The EPA and Leading Forest Agencies discuss that one of the ecosystem benefits of urban street trees is the ability for trees to uptake fine particulate matter (PM2.5) from vehicle exhaust and local combustion through stomata uptake during photosynthesis.

nyc_comdist = st_read("small_data/geo_export_bd3c92bc-94de-48f3-9de3-e939473f307b.shp",
                      quiet = TRUE)

nyc_finepm2015 = read_csv("small_data/nyc_pm2.5_annual2015.csv") |> 
  janitor::clean_names() |> 
  filter(time == "Annual Average 2015" & geo_type_desc == "Community District") |> 
  select(geo_id, geography, avg_pm2.5 = mean_mcg_m3)

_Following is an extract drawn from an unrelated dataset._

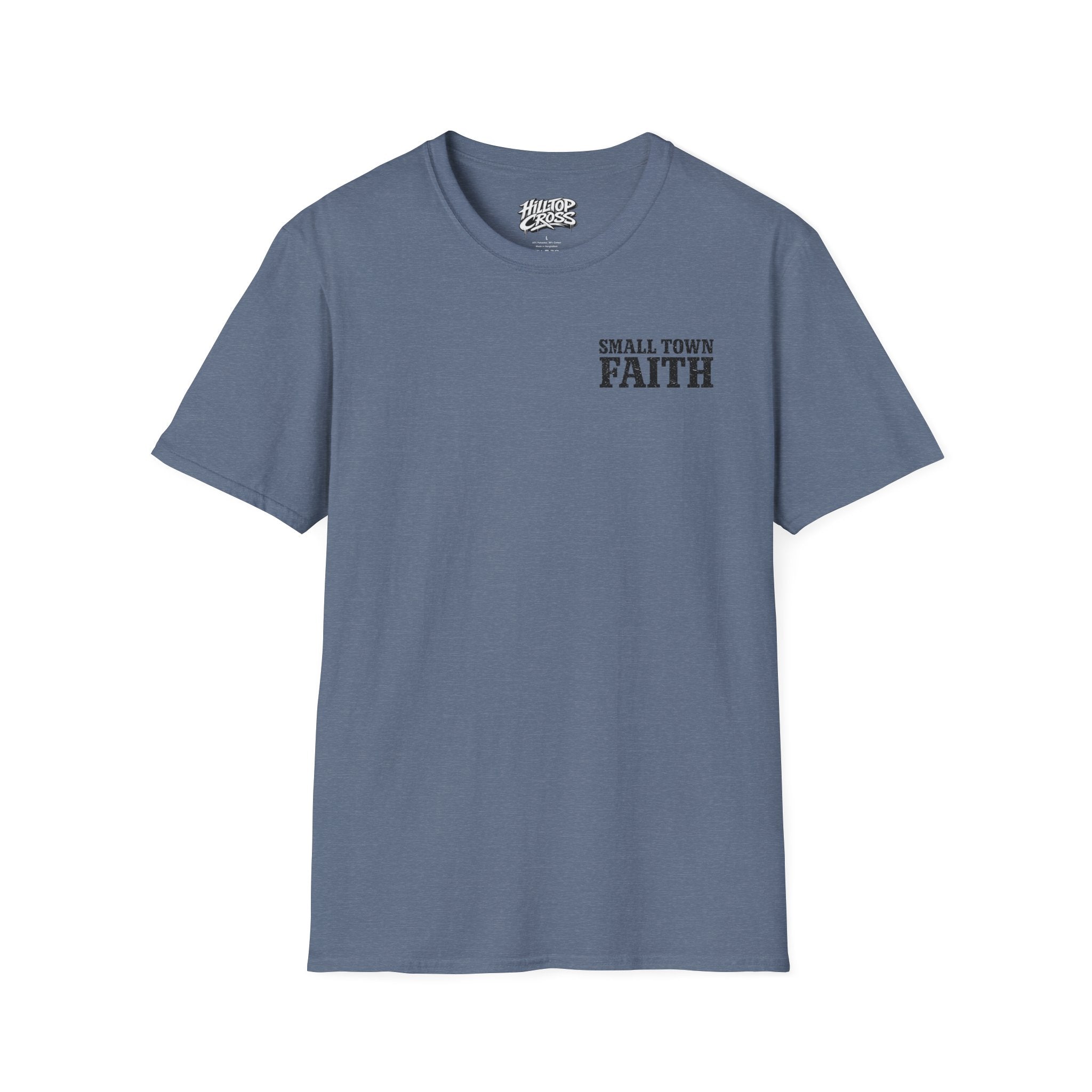 Hilltop Cross T-Shirt — "Small Town Dirt Roads & Jesus" Graphic Tee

trees_cd_summarized = trees_2015 |> 
  drop_na(tree_dbh) |> 
  mutate(health = as.factor(health)) |> 
  group_by(community_board) |> 
  summarize(
    "Number of Trees" = n(),
    avg_dbh = mean(tree_dbh),
    health_status = mode(health))

nyc_comdistrict_spatial = merge(nyc_comdist, trees_cd_summarized, nyc_finepm2015,
                        by.x = "boro_cd",
                        by.y = "community_board")

nyc_comdistrict_treesPM = merge(nyc_comdistrict_spatial, nyc_finepm2015,
                        by.x = "boro_cd",
                        by.y = "geo_id")

tm_shape(nyc_comdistrict_treesPM) +
  tm_polygons(col = "avg_pm2.5",
              style = "quantile",
              n = 5,
              palette = "YlOrBr",
              border.col = "black",
              title = "Average PM2.5 Concentration (µg/m3)") +
tm_shape(nyc_comdistrict_treesPM) +
  tm_dots(col = "black",
          size = "Number of Trees",
          style = "quantile",
          border.col = "black") +
  tm_layout(main.title = "Average 2015 PM2.5 Concentrations 
            across NYC Community Districts", main.title.size = 1,
            frame = FALSE) +
  tm_legend(legend.position = c("left","top"),
            legend.text.size = 0.52)

Comments:

  • Highest chronic pollution across Manhattan and Upper Brooklyn neighborhoods - densest commercial zones. Particularly in Manhattan and the Bronx, this map suggests that the community districts with highest fine particulate exposures also have the lowest number of trees.
  • Lowest ambient PM2.5 on the outermost edges of Brooklyn and Queens, also have high tree counts and highest dbh averages.
  • Despite the highest pollution in these neighborhoods, asthma hospitalization still concentrates in the predominantly BIPOC communities of Central Bronx and Brooklyn.

Heatstress

nyc_heatstress_2015 = read_csv("small_data/nyc_Heatstress Hospitalizations_2011-2015.csv", na = c(" ", "NA", "***")) |> 
  janitor::clean_names() |> 
  filter(geo_type_desc == "Community District") |> 
  mutate(
    average_annual_age_adjusted_rate_per_100_000 = 
      str_replace(average_annual_age_adjusted_rate_per_100_000, "[*]$", "")) |>
  select(geo_id, avg_heat_hospit = average_annual_age_adjusted_rate_per_100_000, heat_hospitalizations = total) |> 
  mutate(avg_heat_hospit = as.numeric(avg_heat_hospit))

nyc_comdistrict_heatstress = merge(nyc_comdistrict_treesPM, nyc_heatstress_2015,
                        by.x = "boro_cd",
                        by.y = "geo_id")

tm_shape(nyc_comdistrict_heatstress) +
  tm_polygons(col = "avg_heat_hospit",
              style = "jenks",
              n = 5,
              palette = "OrRd",
              border.col = "black",
              title = "Avg. Adjusted Hospitalization Rate per 100k") +
tm_shape(nyc_comdistrict_treesPM) +
  tm_dots(col = "black",
          size = "Number of Trees",
          style = "quantile",
          border.col = "black") +
  tm_layout(main.title = "Average Heatstress Hospitalization Rate 
            across NYC Community Districts", main.title.size = 1,
            frame = FALSE) +
  tm_legend(legend.position = c("left","top"),
            legend.text.size = 0.52)

Comments:

  • Largest cluster of heat stress hospitalizations is in the Bronx, as well as in Brooklyn.
  • Covariates of structural racism and socioeconomic vulnerability of highest risk neighborhoods need to be further researched.
  • The relationship between heatstess events and trees is a bit more variable. High count of trees in Queens community districts does align. But the low tree counts and low hospitalization in lower Manhattan may be due to other factors that induce urban heat and improved medical / healthcare access in that area.